The State of Mississippi knew its legislation would be face legal objections and therefore be sent to the Supreme Court for ruling.

Conservative justice Amy Coney Barratt, an insulting replacement on the death of Ruth Bader Ginsberg, seriously put forward adoption as an alternative to abortion as valid for women now, basing herself on laws very rarely used where parental rights can be severed without penalty and children adopted privately. 900,000 abortions are carried out in the US every year, while 18,000 private adoptions are carried out.

Mississippi State Attorney General Lynn Fitch argued before the Supreme Court that she managed as a single working mother of three, so other women can too, conveniently omits that she has a privileged background with no financial worries.

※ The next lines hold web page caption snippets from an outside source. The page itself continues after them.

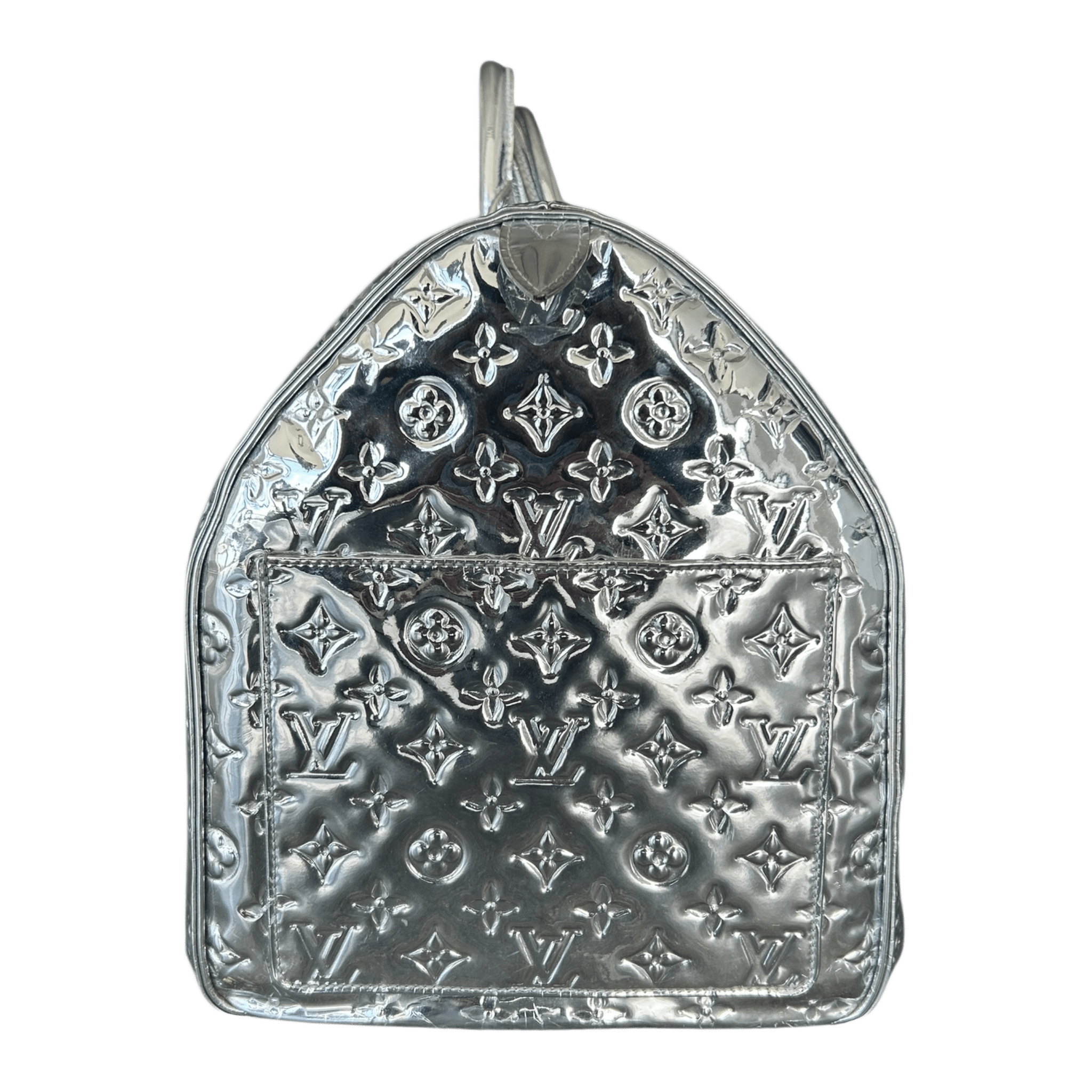 Louis Vuitton Silver Mirror Monogram Keepall 50 - Morely TrendsLouis Vuitton Type here:)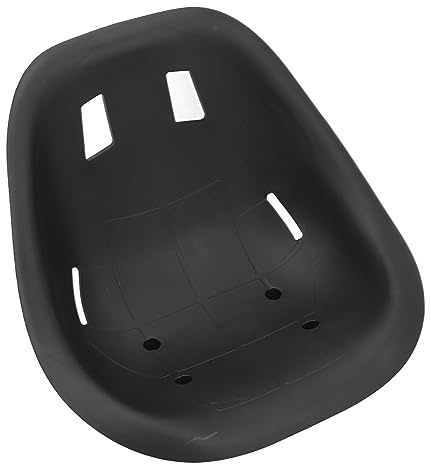 Sitzsattel für Go-Karts, Drift-Autos, Balance-Autos, Komfortables Ergonomisches Design, Großer Sitz-Rückenlehnen-Sattel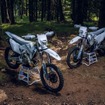ハスクバーナの2027年エンデューロ『TE 300 PRO』と『FE 350 PRO』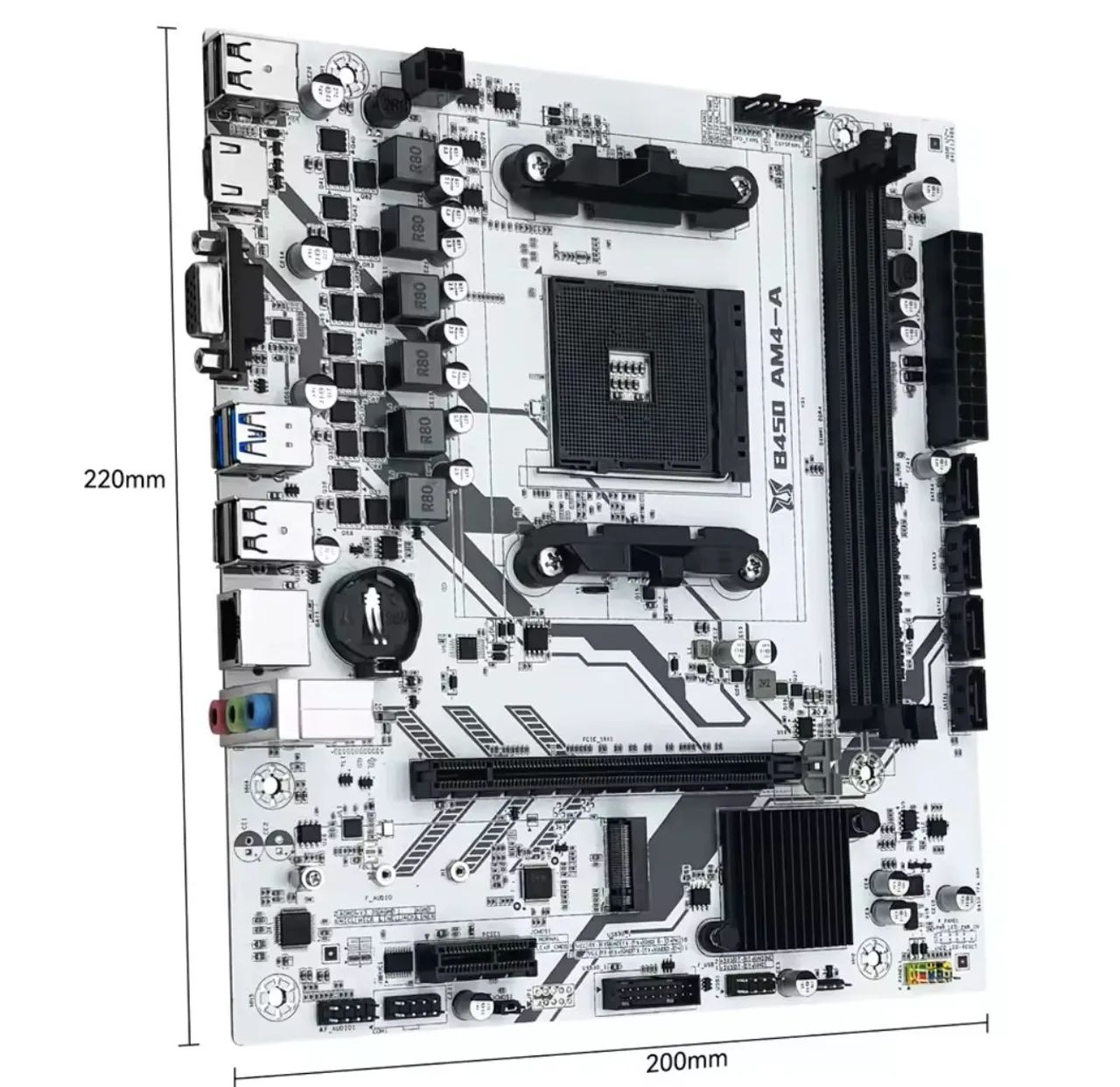 Placa mãe b450 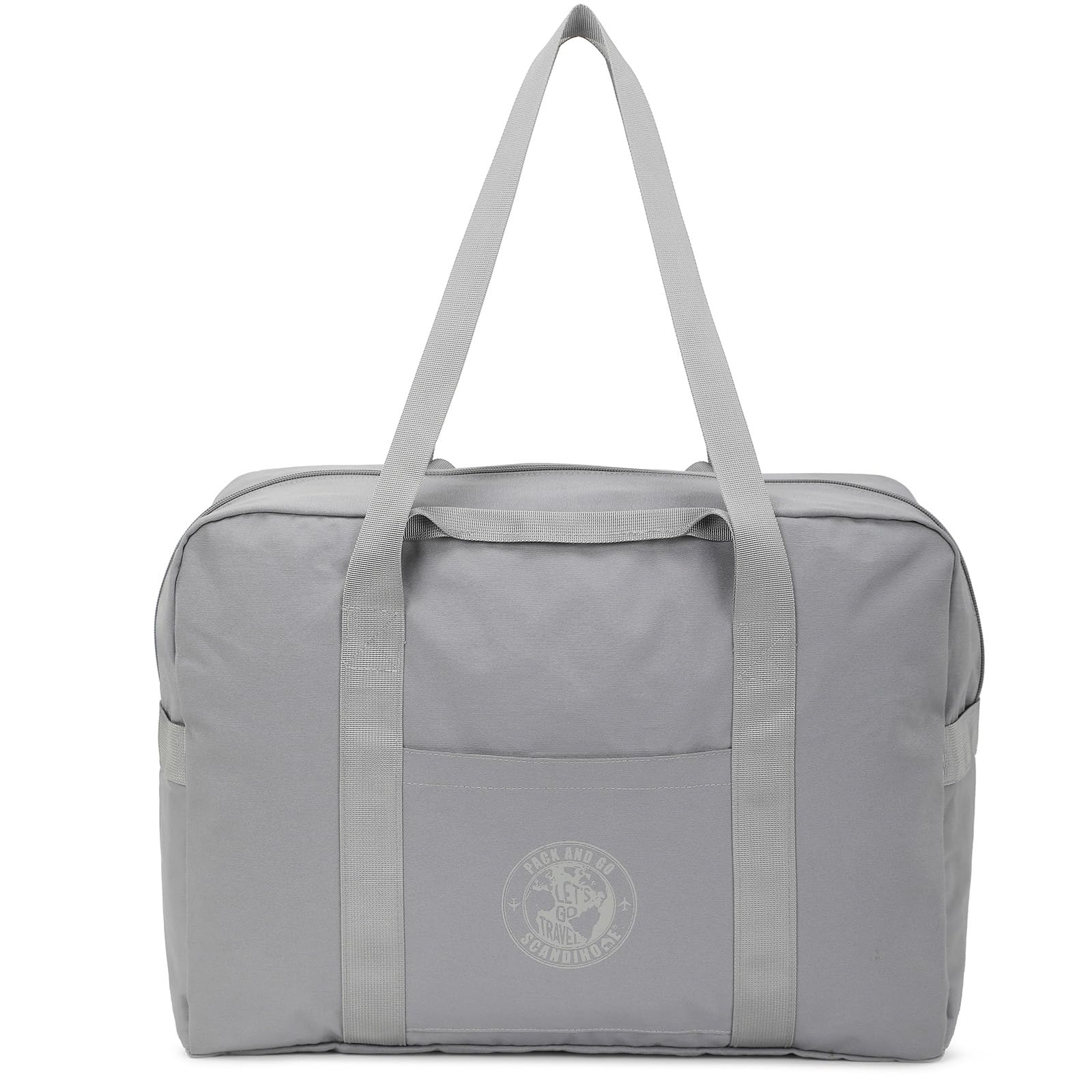 Travel Duffel Bag Weekender Overnight Bag, Sports Gym Bag Carry On Tote Bag for Men Women Scandihome Series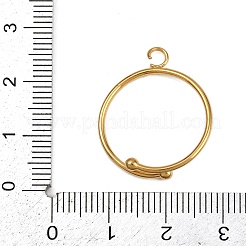 Basis für Schlaufenring aus Edelstahl 304&nbsp;STAS-G363-13G-01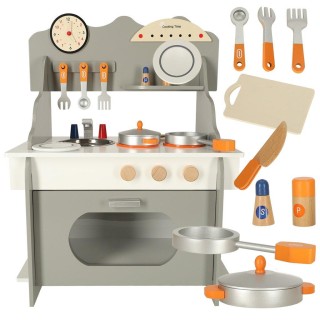 RoGer Wooden Kitchen for Children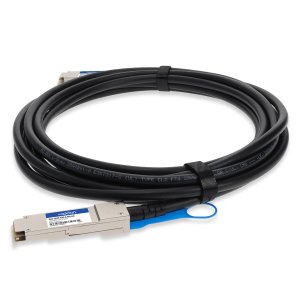 AddOn Networks Dell Compatible TAA 40GBase-CU QSFP+ Direct Attach Cable (Passive Twinax, 50cm)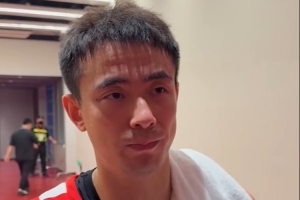 赵继伟:脚踝扭伤,复出后仍感不适,问题似乎不大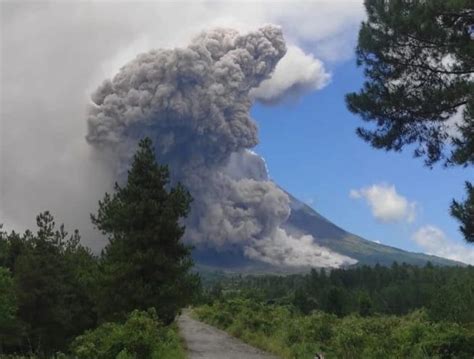 erupsi gunung merapi terbesar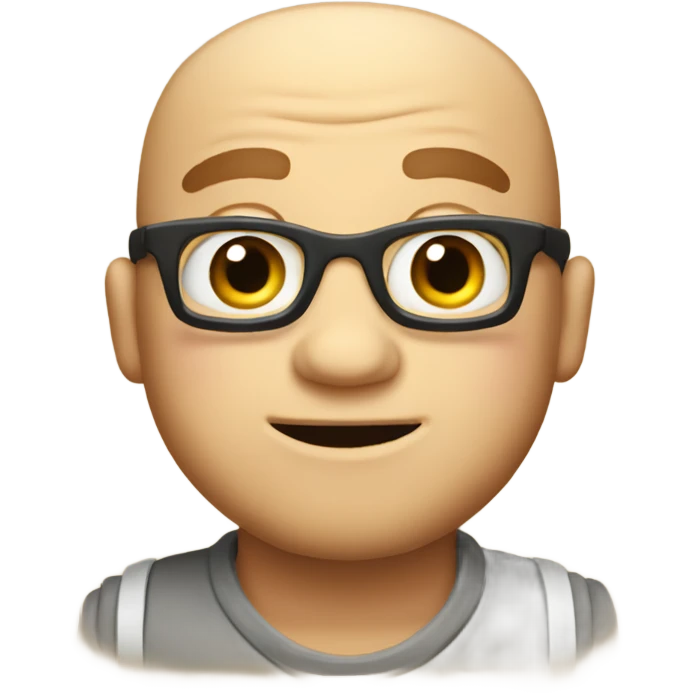 Stubby guy emoji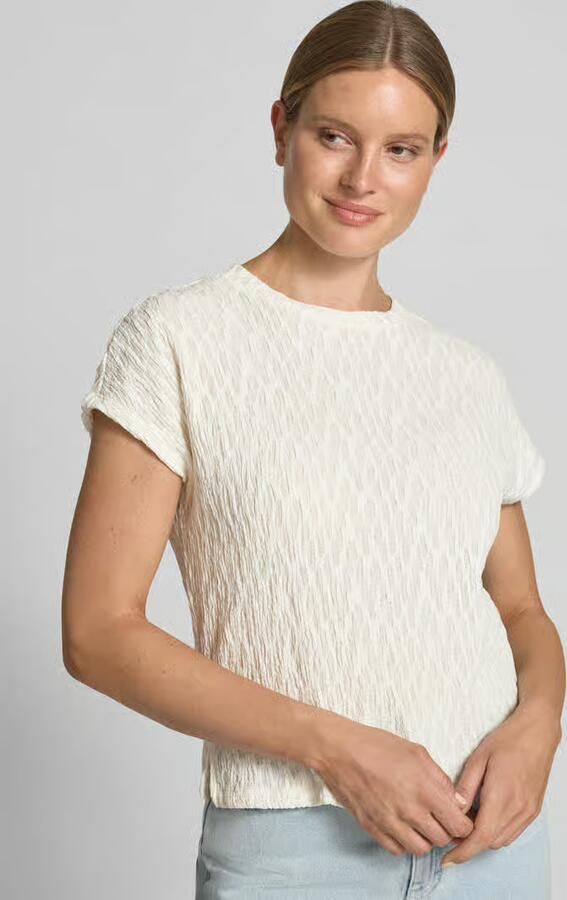 Opus T-shirt in all-over look model 'Sistruk' - Foto 2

Fitch and anti-abortion campaigners have been sly in their language, claiming that their argument is about protecting women and their health, not about the foetus. Fitch says that she has long advocated for equal pay for women, which sounds good, but hers is in the only state left in the US with no equal pay statues on the books. She also advocates financial literacy classes instead of late term abortions. How can you ever be financially literate when you have no money and you can’t afford the $500 (figure for Chicago 2020) for an abortion in the first place? This doesn’t even begin to cover all the other arguments about unwanted pregnancies.

According to Fitch, everything will be ok because the churches, charities, pregnancy crisis centres, family and friends and the wider community will all step up to help raise children so mothers can go out to work - and therefore, there’s no need for abortion. She ignored the right of women to autonomy when making decisions about their own bodies.

The expected SCOTUS ruling will have a massive impact, not just in Mississippi, where there is a large percentage of women who are in poverty, especially women of colour, who cannot access abortion services even with the 24-week limit, but across the USA as a whole.

22 states have already enacted “trigger bans”, limiting or banning abortion at various gestational ages immediately if SCOTUS rule in favour of Mississippi in summer 2022.

American states have previously created sanctuary cities for immigrants, including those from Mexico. They are now setting up sanctuary cities for abortion services. California has already made abortion services a constitutionally-guaranteed right (though with no mention of who pays for them), thus making itself a “safe haven” state. Oregon and New York who are looking to protect and expand abortion rights for their citizens, including amending current health regulations to allow nurse practitioners to carry out abortion procedures as well as doctors.

It remains galling and shocking that highly Catholic Mexico has now decriminalised abortion, and supports women from its rich neighbour, the USA, which is lauded for liberal rights yet criminalises people who seek abortion and those who help people access. From Mexico to Mississippi, a complete turn around indeed.